Blue Book 2013 was the first year that the Blue Book was produced as a web-based HTML publication, methodological improvements were applied and a significant level of work was completed to align the National Accounts and key publications, such as Public Sector Finances.

== The main parts of the Blue Book ==

=== Main aggregates and summary accounts ===

Chapter 1 provides a summary of the UK National Accounts along with explanations and tables that cover the main national and domestic aggregates, for example gross domestic product (GDP) at current market prices and chained volume measures; the GDP deflator; gross value added (GVA) at basic prices; gross final expenditure at current prices; GDP per head and; GDP and real household disposable income.

=== The industrial analyses ===
Chapter 2 includes input-output supply and use tables and analyses of gross value added at current market prices and chained volume measures, capital formation and employment, by industry. These describe the relationship among the various producers in the economy and how products move between each sector in the economy.
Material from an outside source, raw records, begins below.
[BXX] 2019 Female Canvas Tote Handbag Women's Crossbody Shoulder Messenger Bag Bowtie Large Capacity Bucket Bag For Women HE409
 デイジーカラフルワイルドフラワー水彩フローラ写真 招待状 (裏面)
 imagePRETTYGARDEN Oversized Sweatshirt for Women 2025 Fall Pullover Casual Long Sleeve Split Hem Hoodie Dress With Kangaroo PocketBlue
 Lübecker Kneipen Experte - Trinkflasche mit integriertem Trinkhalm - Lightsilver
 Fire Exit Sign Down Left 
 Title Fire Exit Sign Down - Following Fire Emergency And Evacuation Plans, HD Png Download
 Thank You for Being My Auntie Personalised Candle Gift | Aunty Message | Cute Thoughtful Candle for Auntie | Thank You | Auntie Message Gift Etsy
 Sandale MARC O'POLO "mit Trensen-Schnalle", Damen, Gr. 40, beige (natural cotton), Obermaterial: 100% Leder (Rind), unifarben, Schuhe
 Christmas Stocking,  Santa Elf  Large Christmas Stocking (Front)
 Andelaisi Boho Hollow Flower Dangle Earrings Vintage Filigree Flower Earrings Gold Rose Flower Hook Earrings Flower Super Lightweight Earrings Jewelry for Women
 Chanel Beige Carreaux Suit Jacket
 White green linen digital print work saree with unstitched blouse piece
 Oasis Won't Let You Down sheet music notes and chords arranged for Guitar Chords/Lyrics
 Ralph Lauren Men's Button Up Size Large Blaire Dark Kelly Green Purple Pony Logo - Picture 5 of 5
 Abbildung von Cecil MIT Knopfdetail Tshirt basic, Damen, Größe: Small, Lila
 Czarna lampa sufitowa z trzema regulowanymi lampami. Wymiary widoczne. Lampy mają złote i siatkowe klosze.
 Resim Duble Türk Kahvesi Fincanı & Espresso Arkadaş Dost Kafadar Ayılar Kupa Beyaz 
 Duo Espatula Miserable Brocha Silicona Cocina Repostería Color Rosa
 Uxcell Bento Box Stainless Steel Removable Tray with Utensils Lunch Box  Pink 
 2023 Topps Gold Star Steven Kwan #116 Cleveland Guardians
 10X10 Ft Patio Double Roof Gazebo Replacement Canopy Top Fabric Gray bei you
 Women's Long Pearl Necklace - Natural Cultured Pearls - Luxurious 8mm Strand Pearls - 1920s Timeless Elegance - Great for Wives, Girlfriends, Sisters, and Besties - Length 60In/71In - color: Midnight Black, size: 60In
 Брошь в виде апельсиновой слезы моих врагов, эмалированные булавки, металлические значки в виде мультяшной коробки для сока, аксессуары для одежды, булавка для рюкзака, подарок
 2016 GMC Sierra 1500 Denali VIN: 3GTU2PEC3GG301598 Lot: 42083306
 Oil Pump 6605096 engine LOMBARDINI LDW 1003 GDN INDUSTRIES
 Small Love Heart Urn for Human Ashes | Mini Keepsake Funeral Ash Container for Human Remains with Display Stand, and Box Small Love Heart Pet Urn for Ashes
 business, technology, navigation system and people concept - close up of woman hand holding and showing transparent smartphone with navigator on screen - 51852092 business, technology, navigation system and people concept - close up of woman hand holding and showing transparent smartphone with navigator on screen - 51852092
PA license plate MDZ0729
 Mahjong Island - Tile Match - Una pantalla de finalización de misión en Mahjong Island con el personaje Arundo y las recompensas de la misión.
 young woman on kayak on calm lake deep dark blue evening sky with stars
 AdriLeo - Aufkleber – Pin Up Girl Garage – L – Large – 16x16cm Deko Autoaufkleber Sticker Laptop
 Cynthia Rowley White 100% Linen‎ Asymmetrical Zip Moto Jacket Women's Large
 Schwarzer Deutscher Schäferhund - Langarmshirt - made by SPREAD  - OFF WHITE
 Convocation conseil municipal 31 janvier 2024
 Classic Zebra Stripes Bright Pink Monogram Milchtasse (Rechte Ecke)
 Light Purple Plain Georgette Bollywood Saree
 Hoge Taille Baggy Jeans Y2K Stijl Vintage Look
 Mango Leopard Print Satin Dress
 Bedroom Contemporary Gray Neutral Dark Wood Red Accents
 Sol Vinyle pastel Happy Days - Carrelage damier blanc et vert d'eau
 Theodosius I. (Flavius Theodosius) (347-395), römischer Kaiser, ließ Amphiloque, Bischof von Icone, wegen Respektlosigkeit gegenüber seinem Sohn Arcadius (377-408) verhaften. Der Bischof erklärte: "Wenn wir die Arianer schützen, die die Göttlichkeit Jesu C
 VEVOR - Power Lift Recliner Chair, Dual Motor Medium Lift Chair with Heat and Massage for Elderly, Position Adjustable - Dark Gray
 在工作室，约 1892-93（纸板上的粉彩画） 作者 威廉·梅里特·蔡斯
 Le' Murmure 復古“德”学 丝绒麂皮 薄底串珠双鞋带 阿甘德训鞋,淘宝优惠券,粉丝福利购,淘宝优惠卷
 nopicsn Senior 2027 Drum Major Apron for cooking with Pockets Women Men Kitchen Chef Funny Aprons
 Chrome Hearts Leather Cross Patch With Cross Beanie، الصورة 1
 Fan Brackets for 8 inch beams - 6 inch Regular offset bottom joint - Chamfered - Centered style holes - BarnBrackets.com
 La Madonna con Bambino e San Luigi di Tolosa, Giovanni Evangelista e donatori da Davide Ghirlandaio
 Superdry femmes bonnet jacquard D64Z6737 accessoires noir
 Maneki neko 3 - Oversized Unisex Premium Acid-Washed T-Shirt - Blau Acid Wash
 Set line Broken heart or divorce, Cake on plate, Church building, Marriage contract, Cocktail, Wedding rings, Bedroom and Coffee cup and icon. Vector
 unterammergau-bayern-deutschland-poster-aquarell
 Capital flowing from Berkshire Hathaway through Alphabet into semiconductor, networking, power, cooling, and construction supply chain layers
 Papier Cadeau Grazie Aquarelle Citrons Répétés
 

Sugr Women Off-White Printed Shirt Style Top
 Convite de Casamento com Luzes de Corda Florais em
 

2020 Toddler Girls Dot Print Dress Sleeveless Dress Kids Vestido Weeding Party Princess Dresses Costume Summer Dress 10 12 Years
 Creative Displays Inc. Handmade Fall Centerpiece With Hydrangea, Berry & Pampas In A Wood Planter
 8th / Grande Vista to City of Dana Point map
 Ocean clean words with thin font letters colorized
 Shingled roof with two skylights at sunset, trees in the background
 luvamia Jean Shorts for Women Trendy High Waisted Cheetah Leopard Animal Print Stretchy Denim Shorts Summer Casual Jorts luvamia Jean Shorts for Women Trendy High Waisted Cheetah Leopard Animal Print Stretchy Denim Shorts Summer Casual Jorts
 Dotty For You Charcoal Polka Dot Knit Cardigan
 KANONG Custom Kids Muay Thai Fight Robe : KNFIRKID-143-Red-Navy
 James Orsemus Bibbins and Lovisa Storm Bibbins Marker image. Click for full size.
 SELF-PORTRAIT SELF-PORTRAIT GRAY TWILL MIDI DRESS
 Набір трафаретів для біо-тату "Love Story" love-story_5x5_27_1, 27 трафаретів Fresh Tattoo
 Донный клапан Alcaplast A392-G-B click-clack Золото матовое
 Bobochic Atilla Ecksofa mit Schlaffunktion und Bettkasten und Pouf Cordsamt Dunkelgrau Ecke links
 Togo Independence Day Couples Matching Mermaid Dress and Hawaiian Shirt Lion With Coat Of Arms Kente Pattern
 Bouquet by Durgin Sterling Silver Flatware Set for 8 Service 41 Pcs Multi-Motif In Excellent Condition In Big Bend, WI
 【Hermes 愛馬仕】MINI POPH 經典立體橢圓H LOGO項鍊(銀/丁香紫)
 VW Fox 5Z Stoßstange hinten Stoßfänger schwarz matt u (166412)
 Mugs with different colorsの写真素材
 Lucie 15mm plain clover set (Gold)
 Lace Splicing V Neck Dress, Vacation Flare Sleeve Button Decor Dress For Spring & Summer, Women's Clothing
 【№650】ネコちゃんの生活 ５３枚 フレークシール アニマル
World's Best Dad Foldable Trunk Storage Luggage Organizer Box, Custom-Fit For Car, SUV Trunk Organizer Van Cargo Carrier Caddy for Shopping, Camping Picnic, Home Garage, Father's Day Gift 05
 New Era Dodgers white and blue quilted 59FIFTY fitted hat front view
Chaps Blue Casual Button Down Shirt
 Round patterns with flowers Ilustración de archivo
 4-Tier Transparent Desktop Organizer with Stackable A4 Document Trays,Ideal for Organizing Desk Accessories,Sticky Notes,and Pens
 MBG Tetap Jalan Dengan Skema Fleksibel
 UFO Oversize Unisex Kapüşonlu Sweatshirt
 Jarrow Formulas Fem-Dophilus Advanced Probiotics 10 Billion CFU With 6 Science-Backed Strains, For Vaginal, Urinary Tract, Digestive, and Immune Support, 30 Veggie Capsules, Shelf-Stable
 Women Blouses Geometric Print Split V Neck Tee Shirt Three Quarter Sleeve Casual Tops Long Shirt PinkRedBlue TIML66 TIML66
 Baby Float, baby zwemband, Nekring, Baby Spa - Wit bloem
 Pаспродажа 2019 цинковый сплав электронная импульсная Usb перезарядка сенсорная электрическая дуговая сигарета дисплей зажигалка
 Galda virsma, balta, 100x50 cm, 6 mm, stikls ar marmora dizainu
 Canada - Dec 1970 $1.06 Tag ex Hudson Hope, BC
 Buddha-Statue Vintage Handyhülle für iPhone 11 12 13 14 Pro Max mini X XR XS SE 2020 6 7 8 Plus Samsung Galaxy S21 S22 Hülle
This section analyses GVA, gross fixed capital formation and employment by the ten broad industry groups;

 I. Agriculture
 II. Production
 III. Construction
 IV. Distribution, Transport and Hotels
 V. Information and Communication
 VI. Financial & Insurance
 VII. Real Estate
 VIII. Professional and Support Activities
 IX. Government, Health and Education
 X. Other Services

=== The sector accounts ===

Chapters 3 (Non-financial corporations), 4 (Financial Corporations), 5 (General Government), 6 (Households and Non-profit Institutions Serving Households (NPISH)) and 7 (Rest of World) cover the sector accounts. The sector accounts summarise the transactions of particular groups of institutions within the economy, showing how the income from production is distributed and redistributed and how savings are used to add wealth through investment in physical or financial assets.

==== Institutional sectors ====

The accounting framework identifies two kinds of institutions:

- Consuming units (mainly households)
- Production units (mainly corporations, non-profit institutions or government)

Units can own goods and assets, incur liabilities and engage in economic activities and transactions with other units. All units are classified into one of five sectors: non-financial corporations, financial corporations, general government (central government and local government), households and non-profit institutions serving households (NPISH) and the rest of the world.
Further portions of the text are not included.